Sunday 14 June 2020

The end of the Hungry Gap

Well, finally my garden is moving into the Harvesting phase, and most of the sowing and planting is over. This is the point at which all the hard work begins to pay off. I've you've made it this far with your veg plot, you can begin to a relax a little now - though don't forget the watering!

My Brokali plants are just about ready for their first cut. This vegetable is a hybrid of  the Calabrese-style broccoli and Chinese Kale. It produces heads that look like small heads of Calabrese, but the main attraction is the fat juicy stems.

Brokali "Apollo"

Just like the other types of broccoli, when you cut the main heads the plant puts out lots of side-shoots, so I'm eager to get this done as soon as possible.

Growing next to the Brokali plants are my Kohlrabis.

Kohlrabi "Kolibri F1"

I'd say they are now not far off the size of a tennis ball, and I'll be cutting the first couple of them in the next day or two. I'm reckoning that each one will make a serving for one person, so even my paltry 6 plants will be a worthwhile contribution to our veg intake.

I keep hesitating about picking the first of my Broad Beans. I'm always saying to myself "Don't pick them too soon, because you'll get a tiny yield." But then I don't want to leave them too long and find that they go floury. As with so many vegetables, deciding when to harvest is a matter of judgement, based on a number of factors, and I believe that quality is usually more important than quantity.

I expect to be reporting the first harvest of BBs any day now...

Back in the Spring I sowed and then planted lots of clumps of Onions, but was left with a few spares. I put these into a couple of black plastic crates, and they have now grown to a stage where they are useful as Spring Onions, and I have begun harvesting them as required.

Ironically, I have seldom been able to grow any Spring Onions from seeds sown for that specific purpose, but these are lovely!

In times gone by, onions were typically sown in Autumn / Winter and then thinned out in the Spring. Rather than waste the thinnings they were used as a salad ingredient. These days they are bred and grown specifically for this purpose. My mother-in-law calls them "Young Onions" not "Spring Onions", which is probably a better name, since these days you can buy them all year round .

Most of my tomato plants are setting fruit now, though none of them are anywhere near ripe.

Tomato "Sungold"

I have decided that this year I am not going to let my tomato plants get as big as I usually do. Normally I stop them only when they have produced 5 trusses, but because of this they get very tall and I often have to spend a lot of time and energy keeping them upright, on account of the weight of fruit. This year I am only going to let them produce 4 trusses at most, and pinch them out when they reach the tops of their canes. Obviously this won't apply to the short bush-type plants. To be honest, last year we had too many tomatoes, and the freezer still contains a fair few tubs of tomato sauce!

Most of my cucumber plants seem to have settled in OK now, and are growing up their support poles.
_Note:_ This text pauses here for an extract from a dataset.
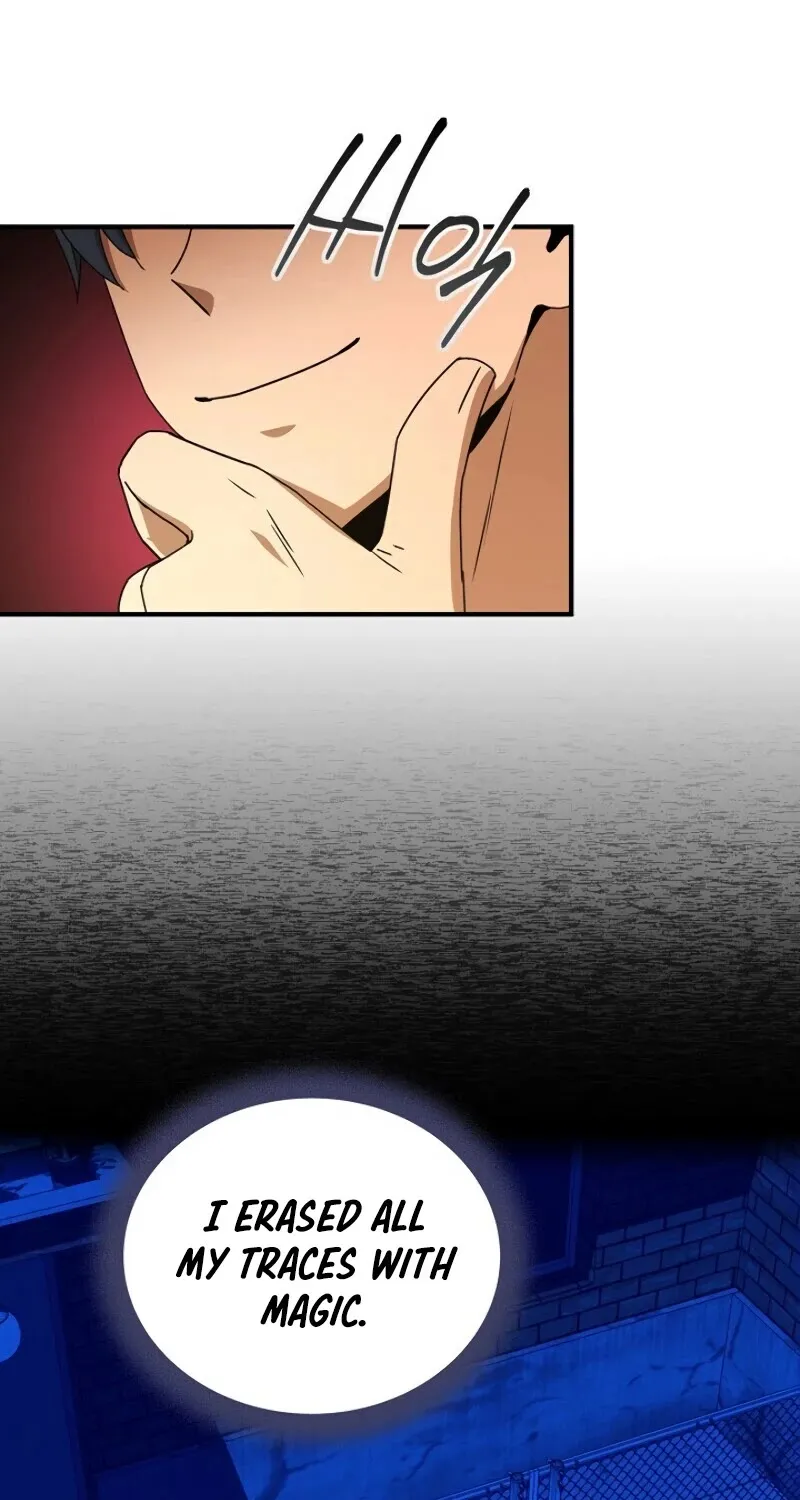 Return of the Frozen Player Mangakakalot X Chapter 34 Page 76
Some of them have begun to produce flowers and little tiny fruits like this:

Once they get started these things grow very rapidly, so I don't think it will be long before I'm picking my first ones - especially as the most advanced ones are the types which are going to be used for pickling as cornichons.

I did have a couple of casualties with the cucumbers. I planted two of a type that produces white-coloured fruits, down at the bottom of the garden next to the "spare" Broad Beans. They never got established at all. They just withered and died. I'm not really sure why. When I dug them up to do a "post-mortem" I noticed the roots were very small, so I think maybe a pest of some sort had had a nibble of them. Fortunately I have two more plants of the same variety, and I'm currently contemplating where to plant them. I don't want to put them in the same place, just in case the suspected pest is still lurking there.

My potato plants are all looking very pale now. Their foliage is beginning to die down, so I'll be harvesting another pot of them every few days over the next month or so. In fact this will be the most significant early summer harvest for me, and I'm hoping for bigger yields each time as the the tubers swell.

That's it for now, but expect to see photos of harvests in my next post!

1 comment:

  1. We are living on calabrese at the moment, eating them before they run to seed. We haven’t as much variety as you as we are just planting some of the things that you nearly have ready.